──────── MATERIAL SHOWN

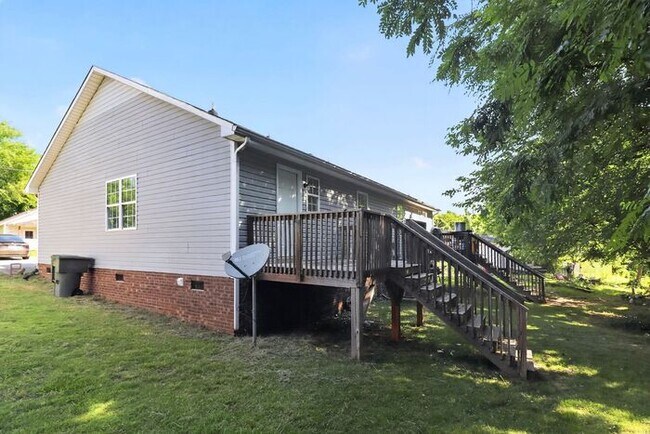 Building Photo - Well-Maintained 2BD/1BA Duplex in Concord, NC!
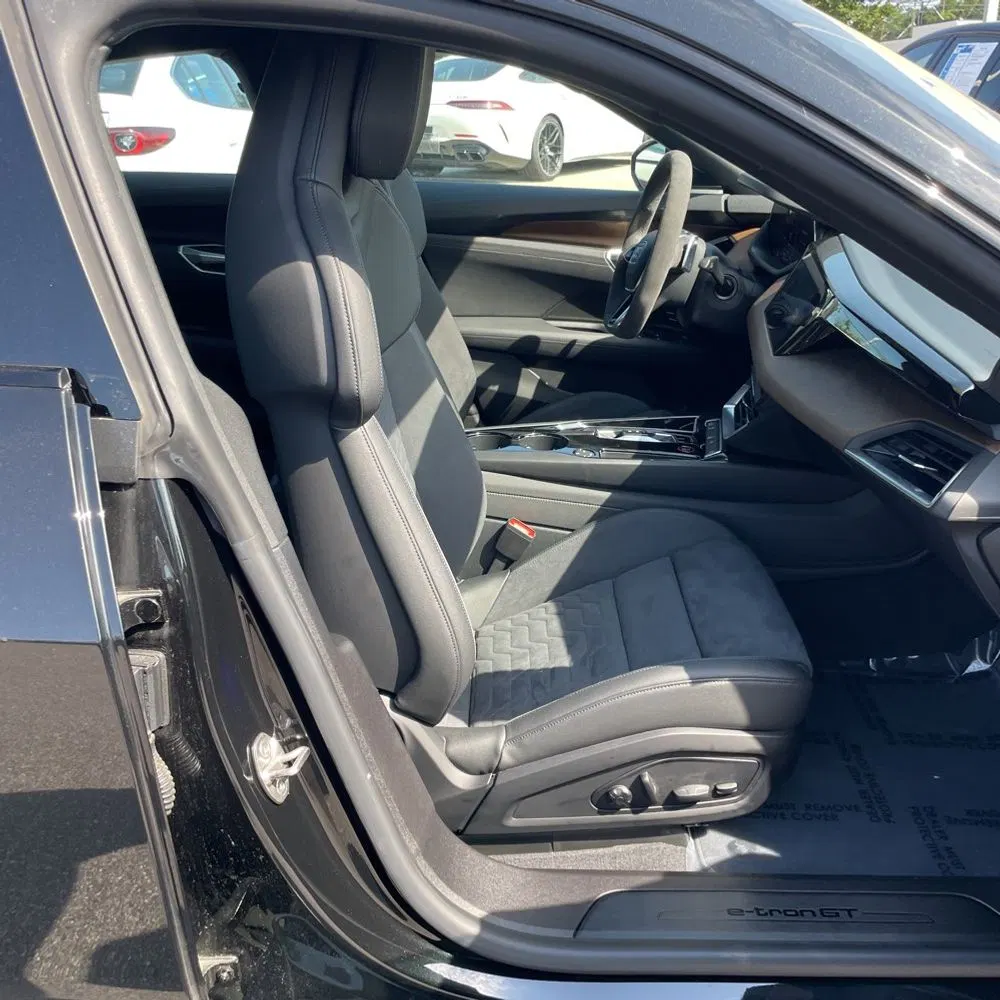 2022 Audi e-tron GT Premium Plus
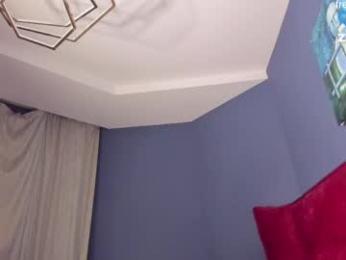 honey_pinkgreen chaturbate stream image, 23.04.2026 11:40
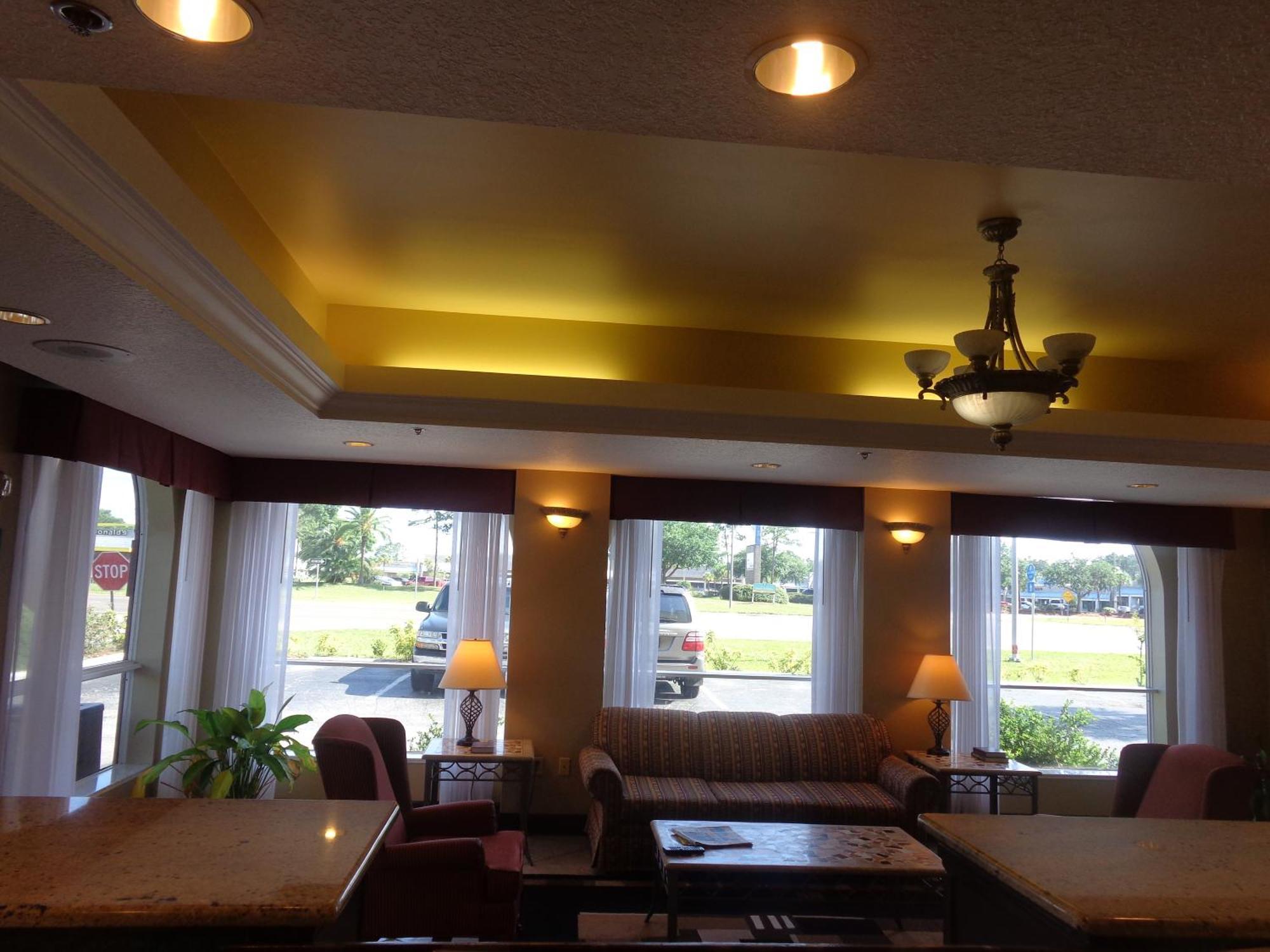 Ruskin Inn Tampa-Sun City Center Buitenkant foto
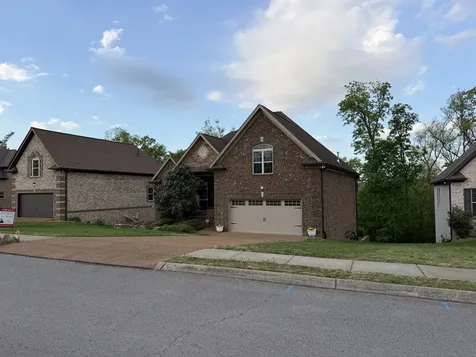 1102 Secretariat Drive Mount Juliet TN 37122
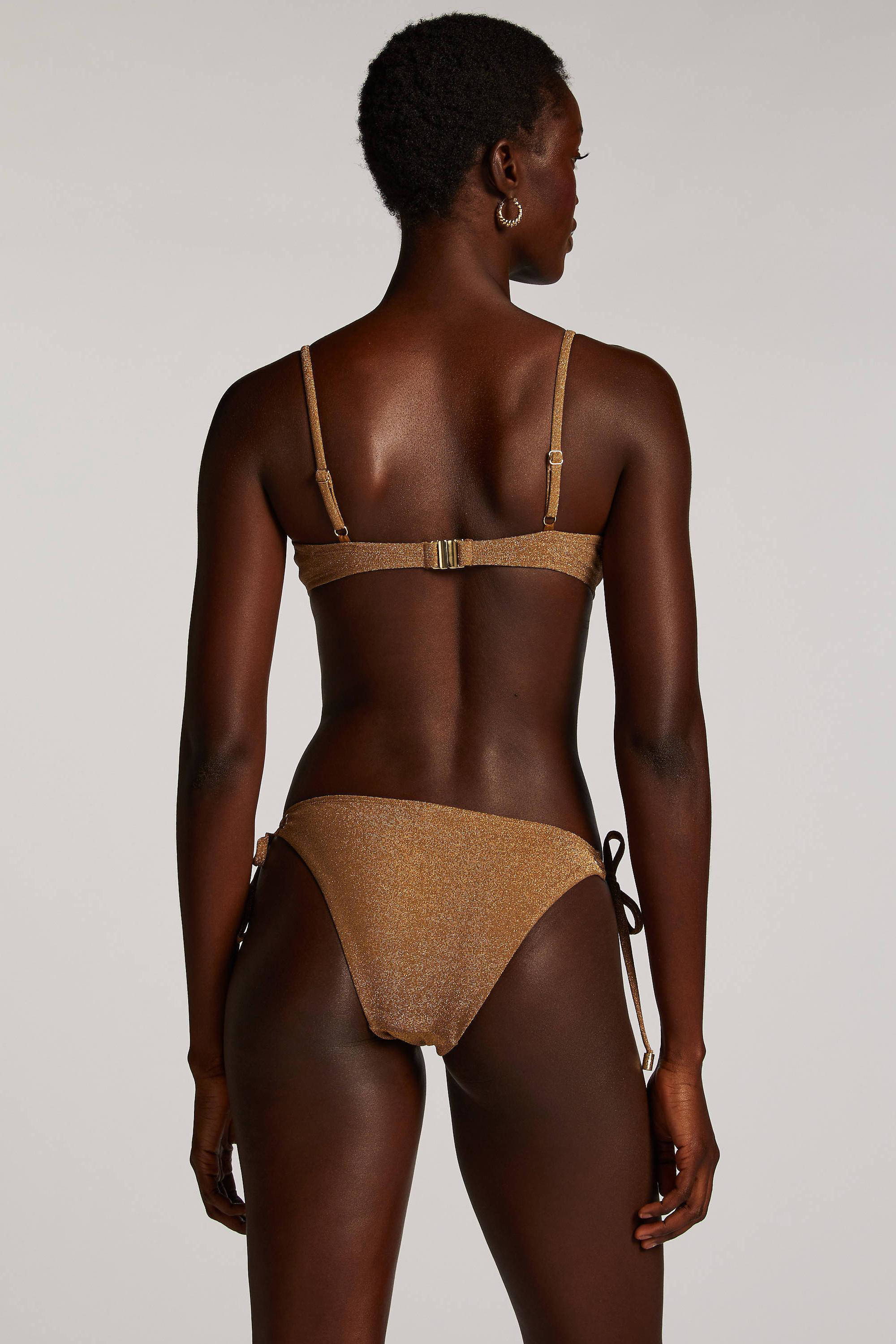 Hunkemöller niet-voorgevormde beugel bikinitop Goldie met lurex goud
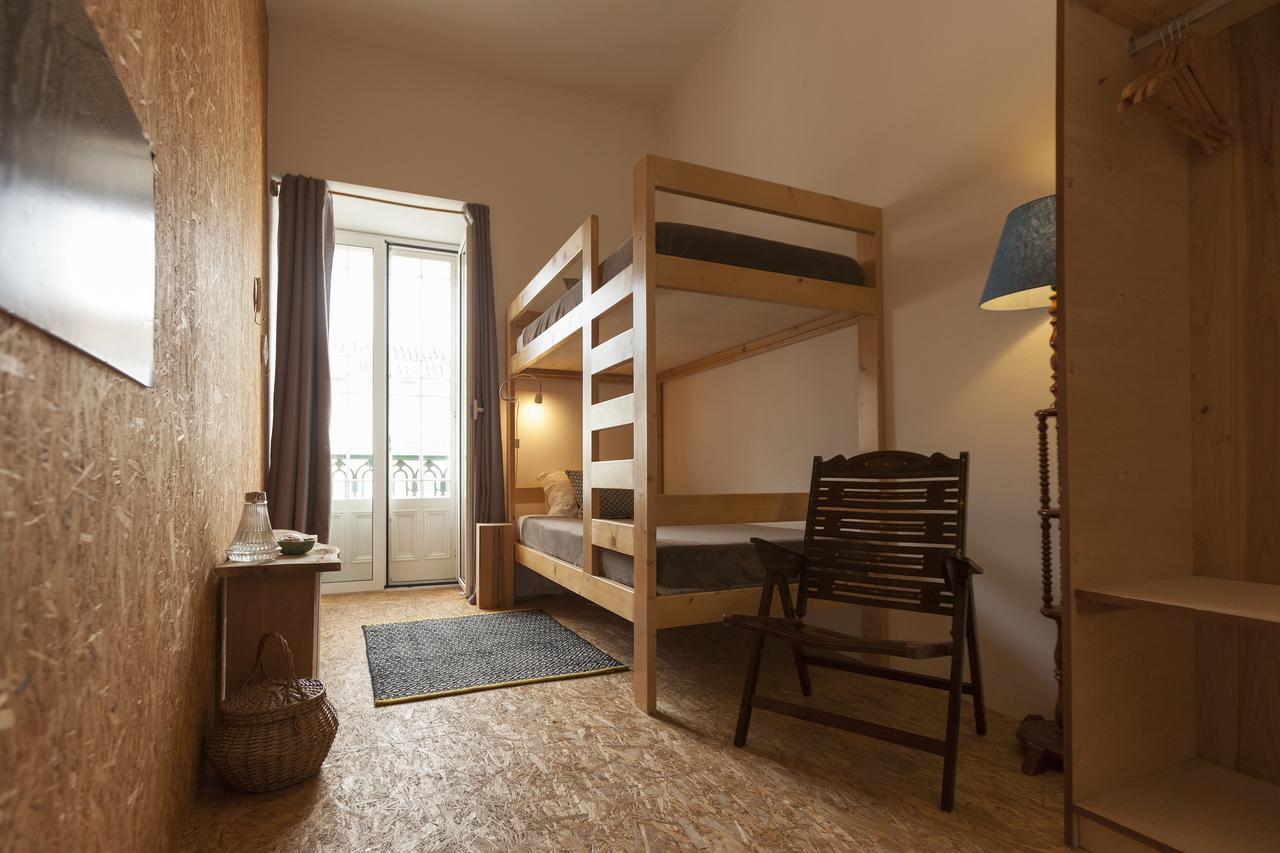 Marina Lounge Hostel Понта Делгада Екстериор снимка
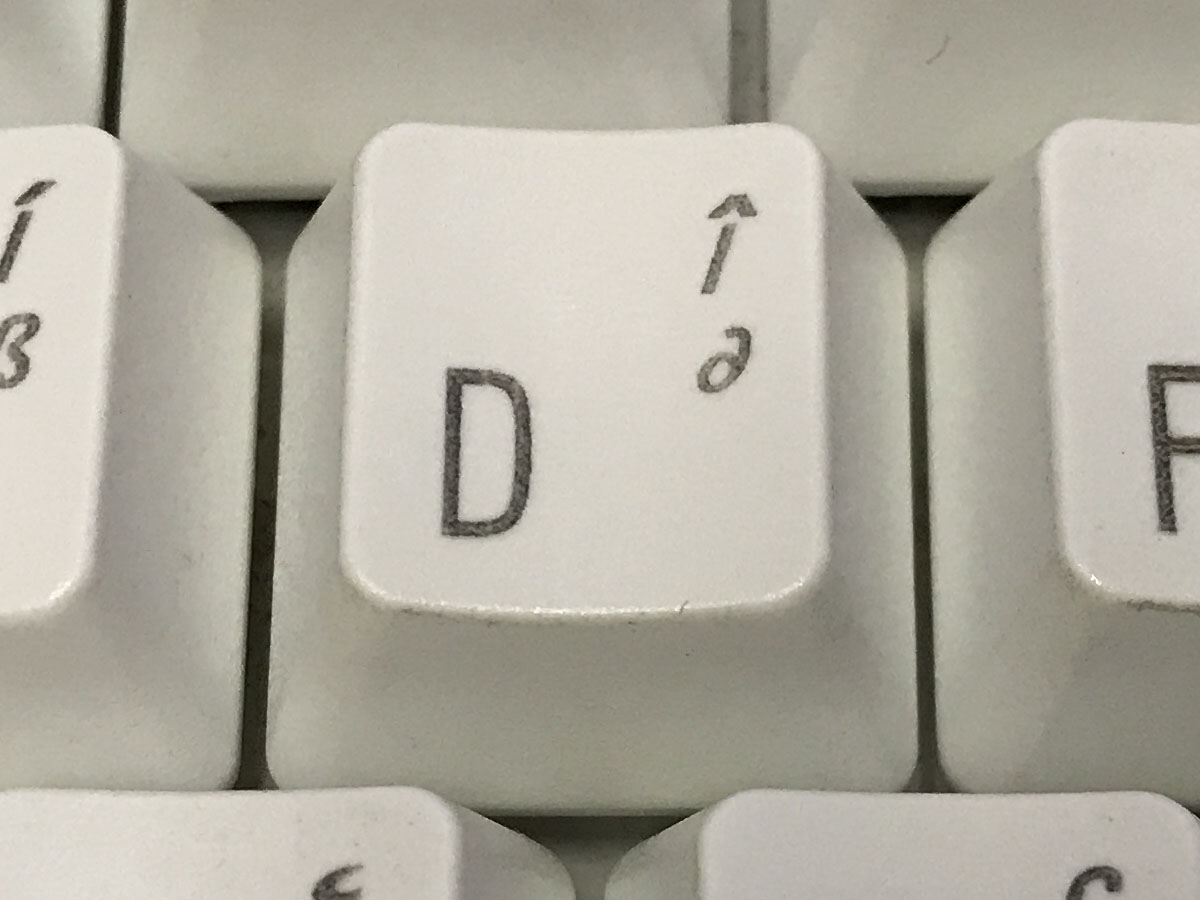 上の写真のドットバイドット画像です。左が新型、右が旧型。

────────────────

REQUIRED ACTION
Please return, exactly and with pictures omitted, the lines from the line holding "honey_pinkgreen chaturbate stream" through the end of the data above, inclusive.

RESPONSE
 honey_pinkgreen chaturbate stream image, 23.04.2026 11:40
 Ruskin Inn Tampa-Sun City Center Buitenkant foto
 1102 Secretariat Drive Mount Juliet TN 37122
 Hunkemöller niet-voorgevormde beugel bikinitop Goldie met lurex goud
 Marina Lounge Hostel Понта Делгада Екстериор снимка
 上の写真のドットバイドット画像です。左が新型、右が旧型。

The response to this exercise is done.